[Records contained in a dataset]
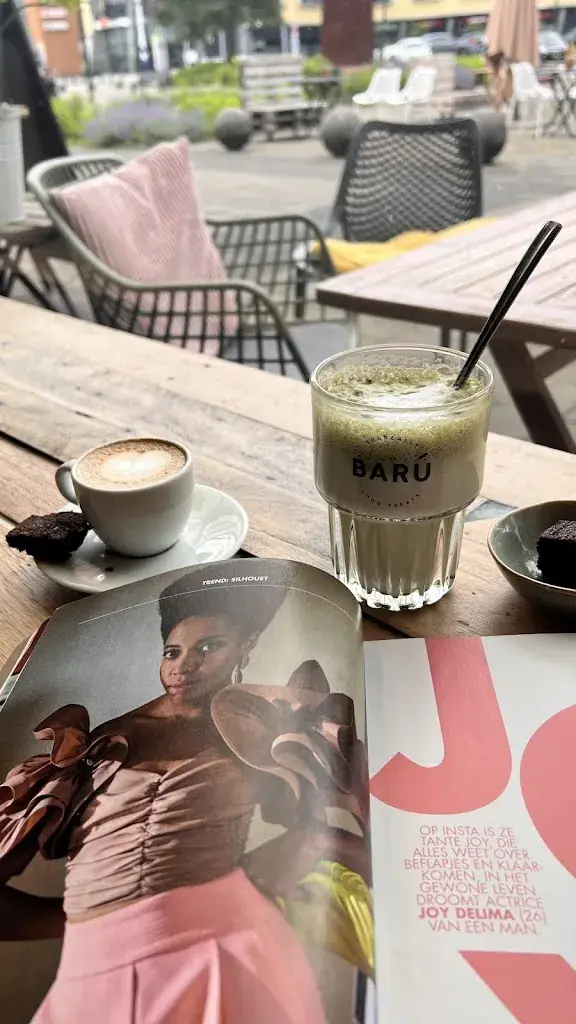 Menu_Plein 8_Heerhugowaard_immagine_4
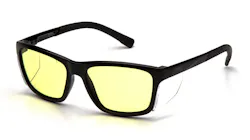 27728 Sb10734 D 34 F Hr 60c0f46603557 27728 Sb10734 D 34 F Hr 60c0f46603557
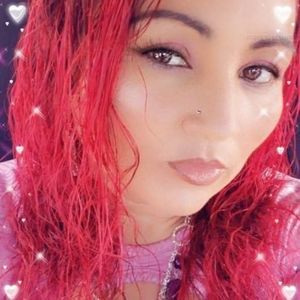 Meet your Posher, Chavez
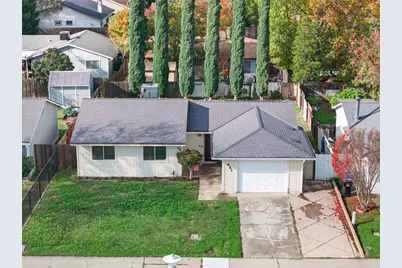 9342 Los Torres Drive, Elk Grove, CA 95624 - Photo 30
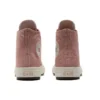 Chuck Taylor All Star High „Canyon Dusk“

## [WHAT YOU WILL DO]
Output exactly the lines from the line with "Meet your Posher, Chavez" to the last line of the records, including both, and leave every picture out.

## [WRITTEN REPLY]
 Meet your Posher, Chavez
 9342 Los Torres Drive, Elk Grove, CA 95624 - Photo 30
 Chuck Taylor All Star High „Canyon Dusk“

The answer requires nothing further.